My trip was due to last 89 days; one day less than the 90 days America’s visa waiver system allows me. My departure date caused a raised eyebrow from the immigration officer when I landed in Anchorage back in September and a heartfelt plea to leave on time. Yesterday — day 89 — was the day I was due to fly home from LA. Instead, I landed back in the UK on day 82 of my trip in order to spend yesterday remembering the life of my 98-year-old grandmother, who recently passed away.
It was fairly early in the trip that I accepted that my hopes and plans for The Gray Whale Cycle would need to be flexible. Some things can’t be planned for. Others can be, but weren’t, as I didn’t know then what I know now. My cycling target crept north from Baja to San Diego as I failed to keep up with my overly optimistic time plan. Lots of factors contributed to this; some were frustrations — bike issues and geologically-slow cycling speed, for example — while others were highlights, like extending my time in the incredible Monterey Bay. That week I learned from the experts about gray whales on both sides of the Pacific, the bone-eating Osedax worms that colonise whale skeletons on the seafloor and, now a firm favourite, the local sea otters. To be able to adjust my plans as I went to make the most of these opportunities was great, albeit logistically challenging. And all the muffins in the world wouldn’t have got me up those hills any faster.

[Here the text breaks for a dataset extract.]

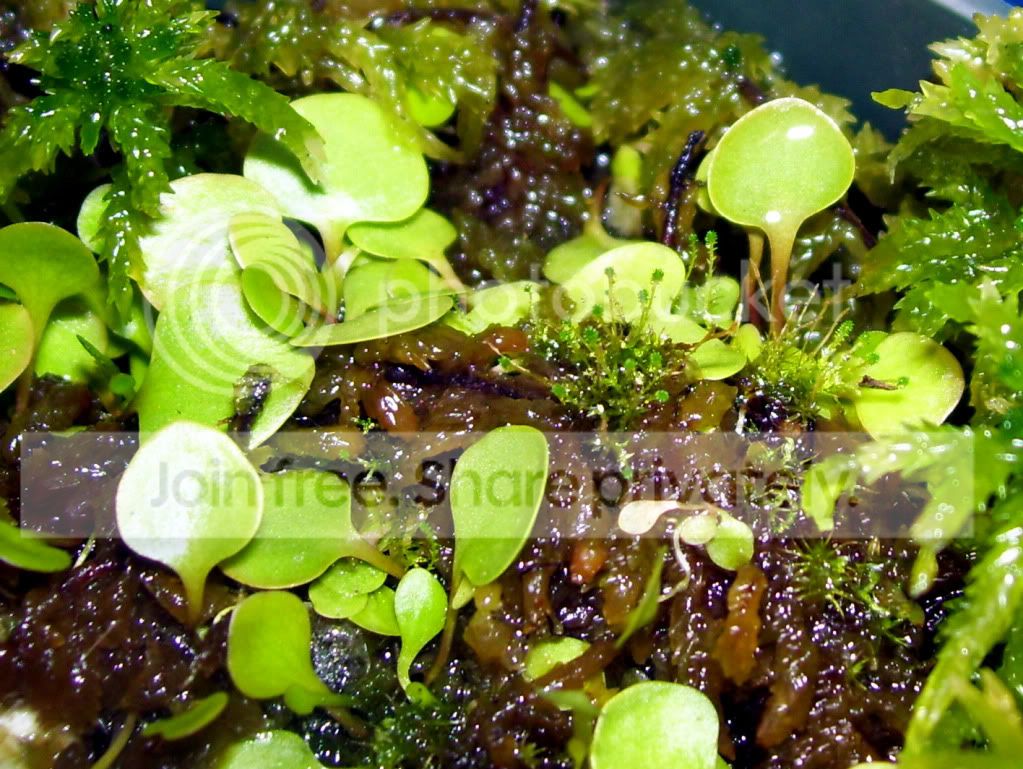100_5850.jpg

By the last almost-month of my trip, I was ahead of the southward migration of gray whales (I started ahead of them rather than being too fast, as if) and I had moved south of the hotspots of the Pacific Coast Feeding Group. I had some excellent humpback whale sightings, though, and saw plenty of dolphins from boat trips and from shore, including a new species for me: northern right whale dolphins. Of the 150 northern right whale dolphins we encountered, I managed to get one photo containing a single individual. It looks like a slug. Many happy hours were also spent watching sea otters both in the wild, in a foggy Moss Landing and in Monterey Bay, and in a number of aquariums. They may have some unsavoury/criminal habits but look at their little faces.
Separate blog posts will follow on all the places I visited and people I met: scientists, volunteers, cycling buddies, friends of friends and chance encounters. There’ll be more about surviving gales, rock falls and road closures in Big Sur, the rabbit-slaying owl of Sycamore Canyon and how I can now say, with certainty, that the trip never got easier. Only time will tell if some sections will become Type II fun (only remembered fondly once sufficient time has passed) or were, in fact, Type III fun (not fun at the time and never remembered fondly). It was absolutely an adventure though, from the fierce winds and sideways rain of Alaska to the, well, fierce winds and sideways rain of California.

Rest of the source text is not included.